● **Exercise brief**: Once the pictures are set aside, copy the records below exactly as they stand.

□ □ □ □ □ □ □

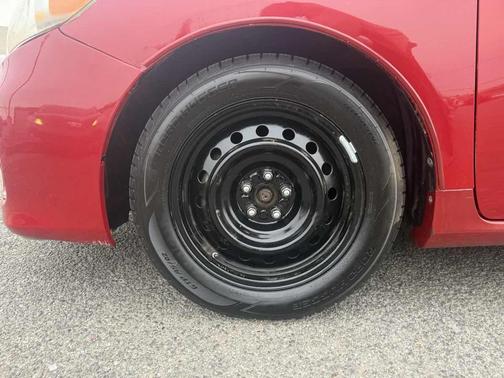 2012 Toyota Corolla L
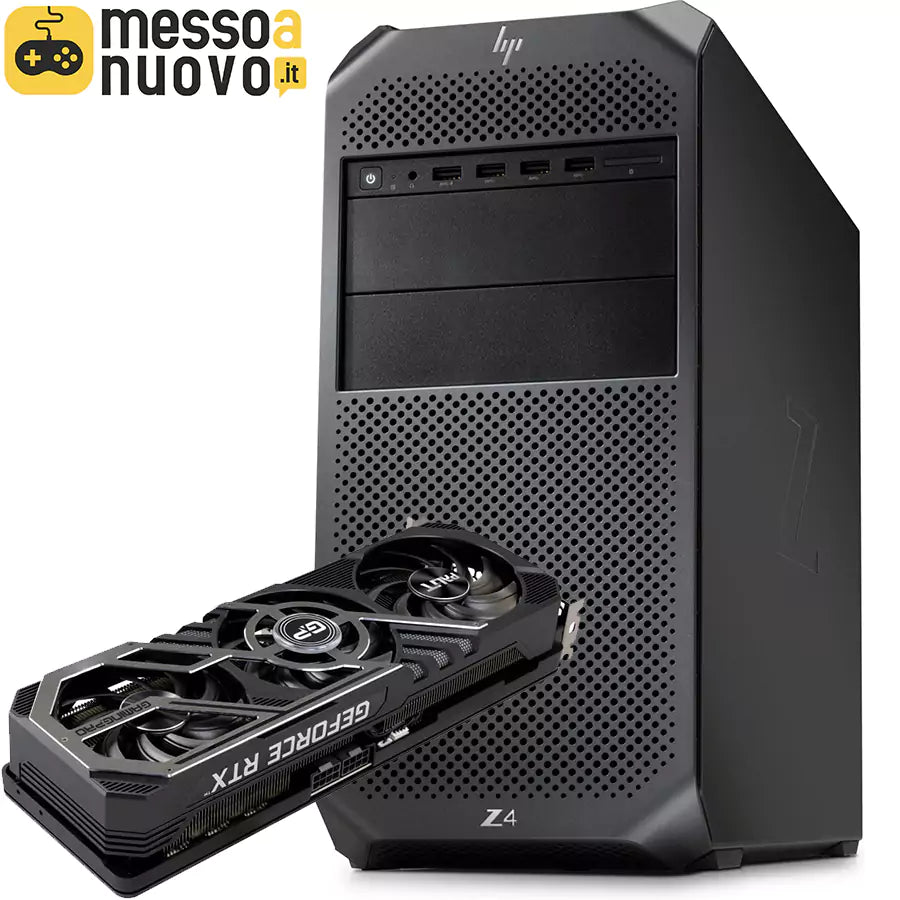 HP Z4 G4 Workstation 製品詳細・スペック - HP Workstations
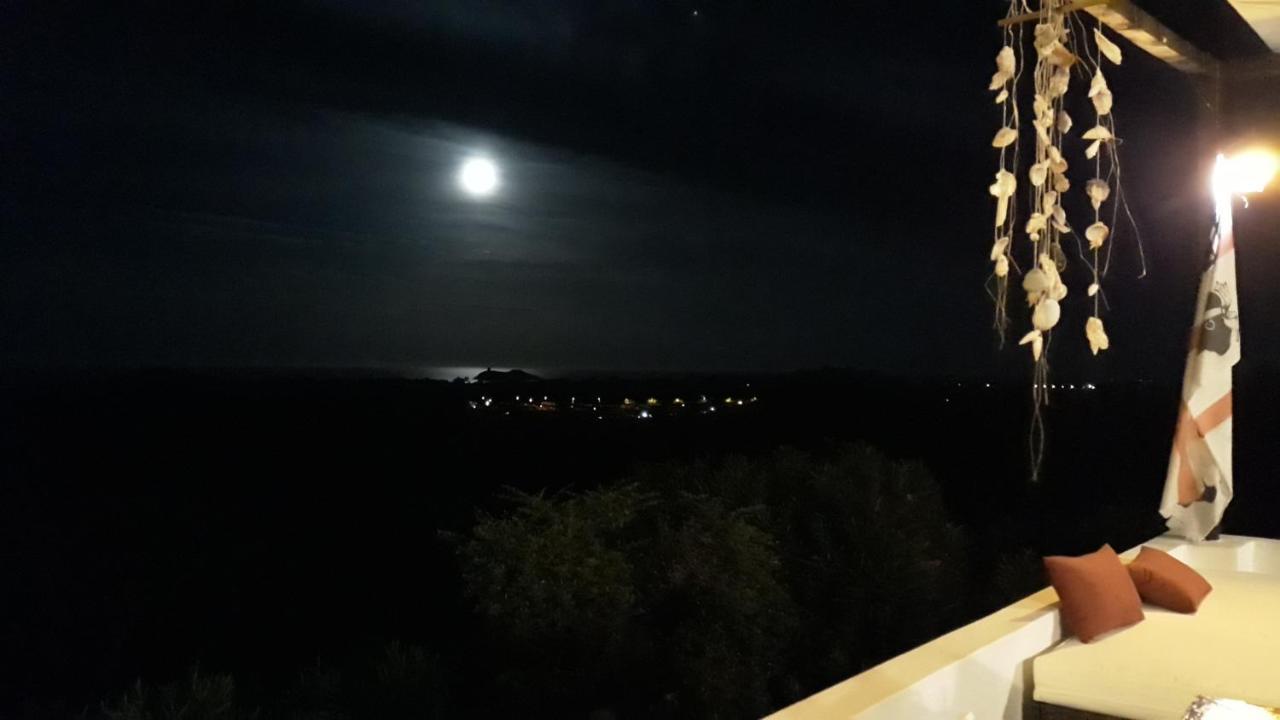 Villa Delle Torri 普拉 外观 照片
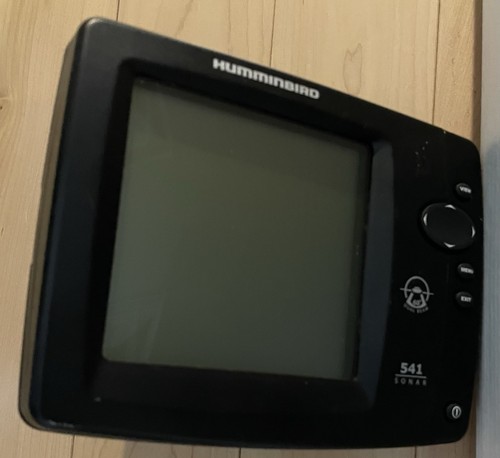 Humminbird 541 sonar fish - sonar,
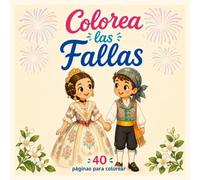 Colorea las fallas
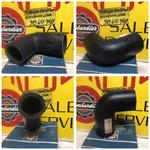 VINTAGE ROTAX COOLANT HOSE 570 13120 ELITE SAFARI VALMONT BOMBARDIER SNOWMOBILE VALCOURT QUEBEC SCANDIC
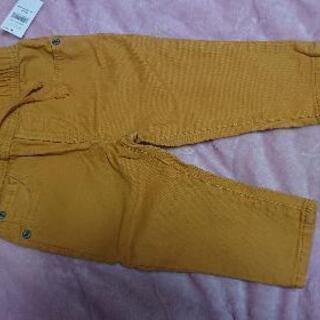 新品☆GAP　ズボン80サイズ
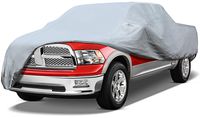 Leader Accessories Xtreme Guard 5 Layers Pick up Truck Car Cover Waterproof Breathable Outdoor Indoor (Pick up Truck up to 20'8")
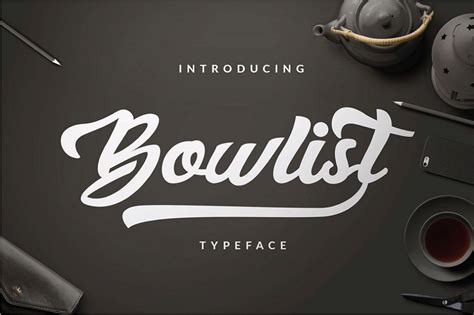 50 Best Fonts For Logo Design Design Shack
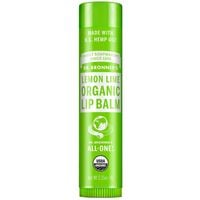Dr. Bronner's Lip Balm Lemon Lime
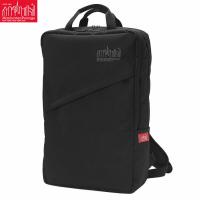 マンハッタンポーテージ Manhattan Portage リュックサック バックパック 通学 通勤 ユニセックス Pacific Kenmare Backpack MP2243HPWP Black MP2243HPWPBLK | ギーク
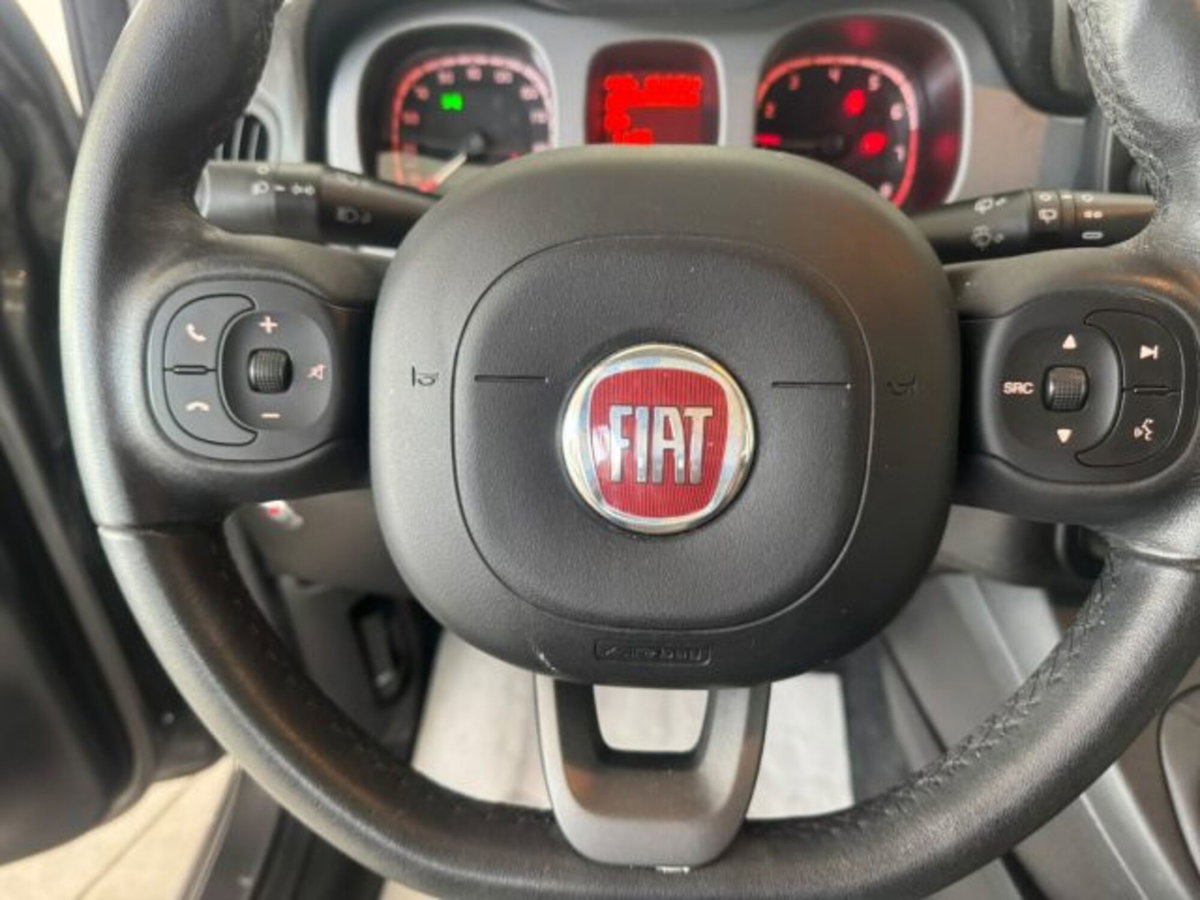 Fiat Panda Cross Cross 0.9 TwinAir Turbo S&S 4x4 (18)
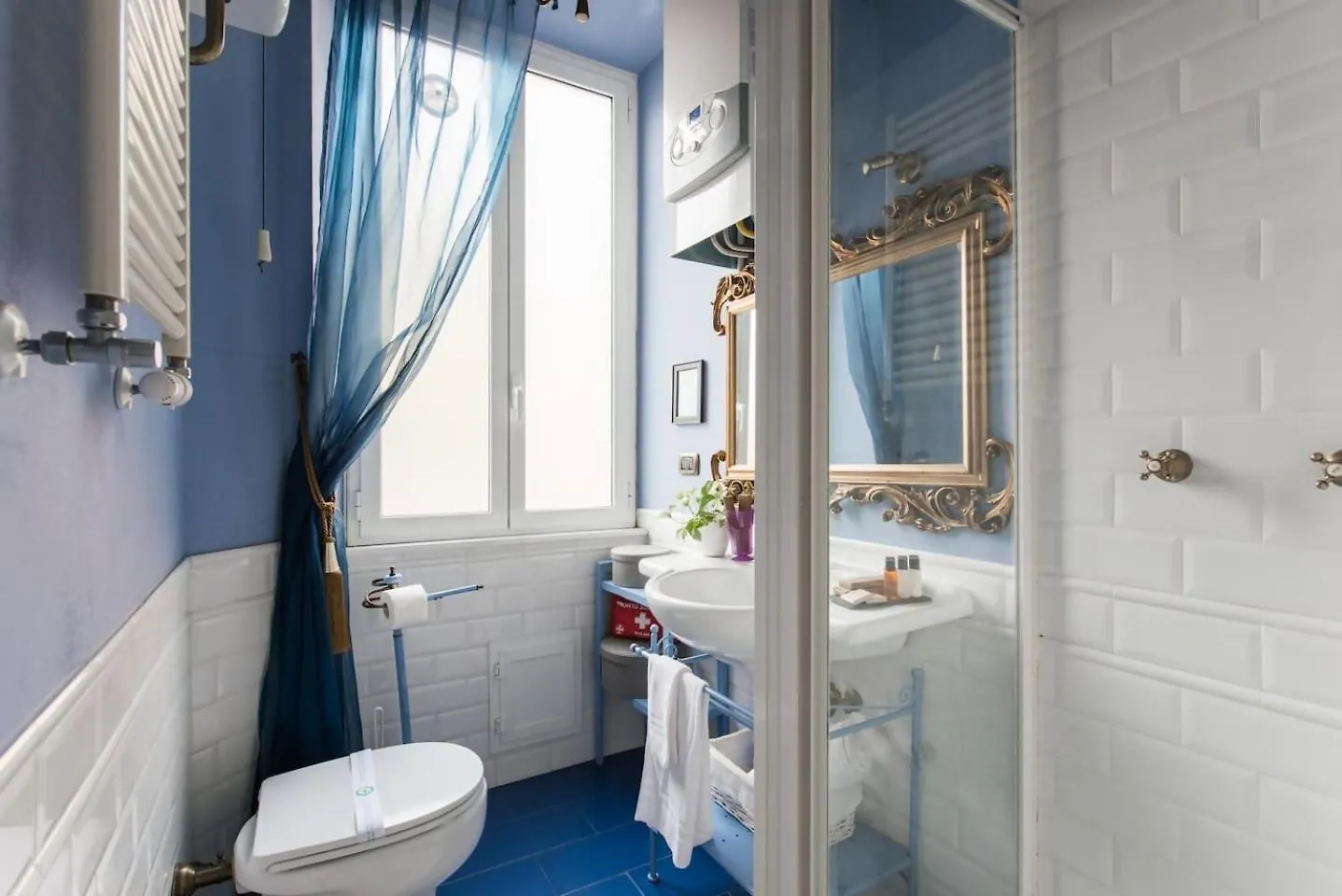 Apartment New Suite Amelie Rome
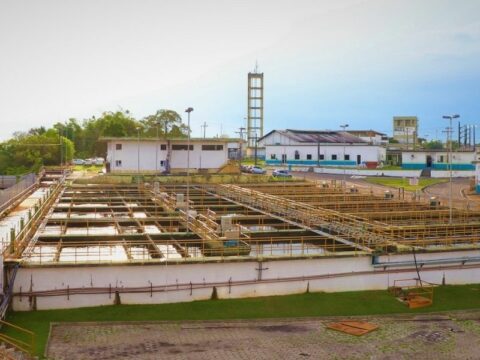 Dezenas de bairros ficarão sem água em Manaus nesta terça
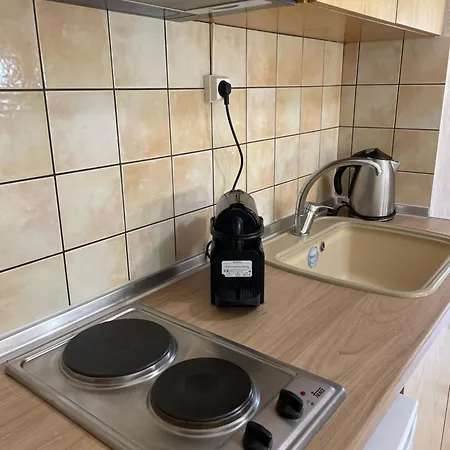 Memories Lägenhet Skala Potamia (Thasos)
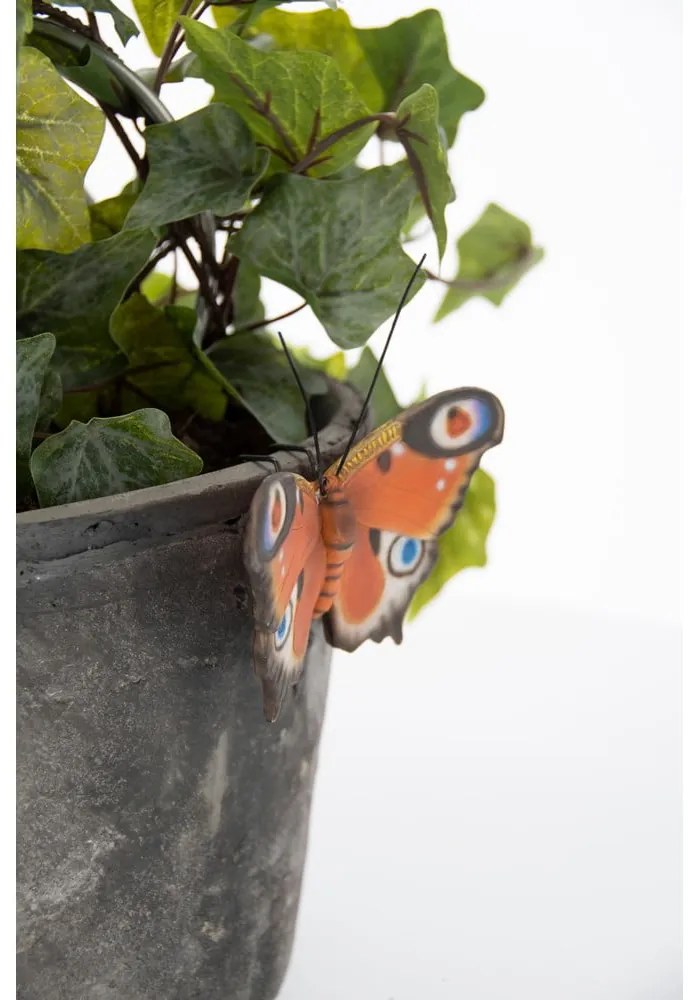 Poligyanta kerti szobor Butterfly – Esschert Design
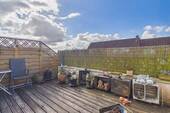 Dachterrasse - 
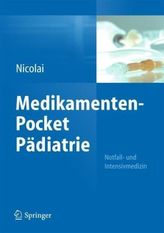 Medikamenten-Pocket Pädiatrie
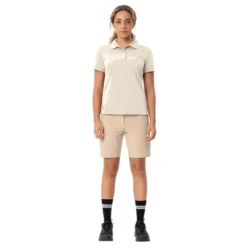 Essential Poloshirt Damen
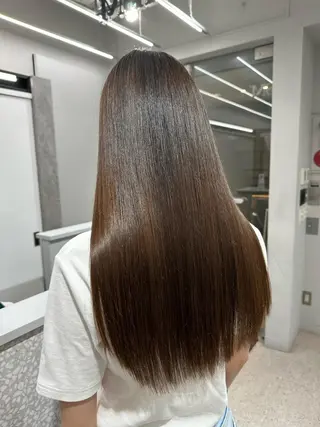 ロング 🖤🤍石川 アイリ🤍🖤のヘアスタイル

□ □ □ □ □ □ □

● **Exercise answer**:
 2012 Toyota Corolla L
 HP Z4 G4 Workstation 製品詳細・スペック - HP Workstations
 Villa Delle Torri 普拉 外观 照片
 Humminbird 541 sonar fish - sonar,
 Colorea las fallas
 VINTAGE ROTAX COOLANT HOSE 570 13120 ELITE SAFARI VALMONT BOMBARDIER SNOWMOBILE VALCOURT QUEBEC SCANDIC
 新品☆GAP　ズボン80サイズ
 Leader Accessories Xtreme Guard 5 Layers Pick up Truck Car Cover Waterproof Breathable Outdoor Indoor (Pick up Truck up to 20'8")
 50 Best Fonts For Logo Design Design Shack
Dr. Bronner's Lip Balm Lemon Lime
 マンハッタンポーテージ Manhattan Portage リュックサック バックパック 通学 通勤 ユニセックス Pacific Kenmare Backpack MP2243HPWP Black MP2243HPWPBLK | ギーク
 Fiat Panda Cross Cross 0.9 TwinAir Turbo S&S 4x4 (18)
 Apartment New Suite Amelie Rome
 Dezenas de bairros ficarão sem água em Manaus nesta terça
 Memories Lägenhet Skala Potamia (Thasos)
 Poligyanta kerti szobor Butterfly – Esschert Design
 Dachterrasse - 
 Medikamenten-Pocket Pädiatrie
 Essential Poloshirt Damen
 ロング 🖤🤍石川 アイリ🤍🖤のヘアスタイル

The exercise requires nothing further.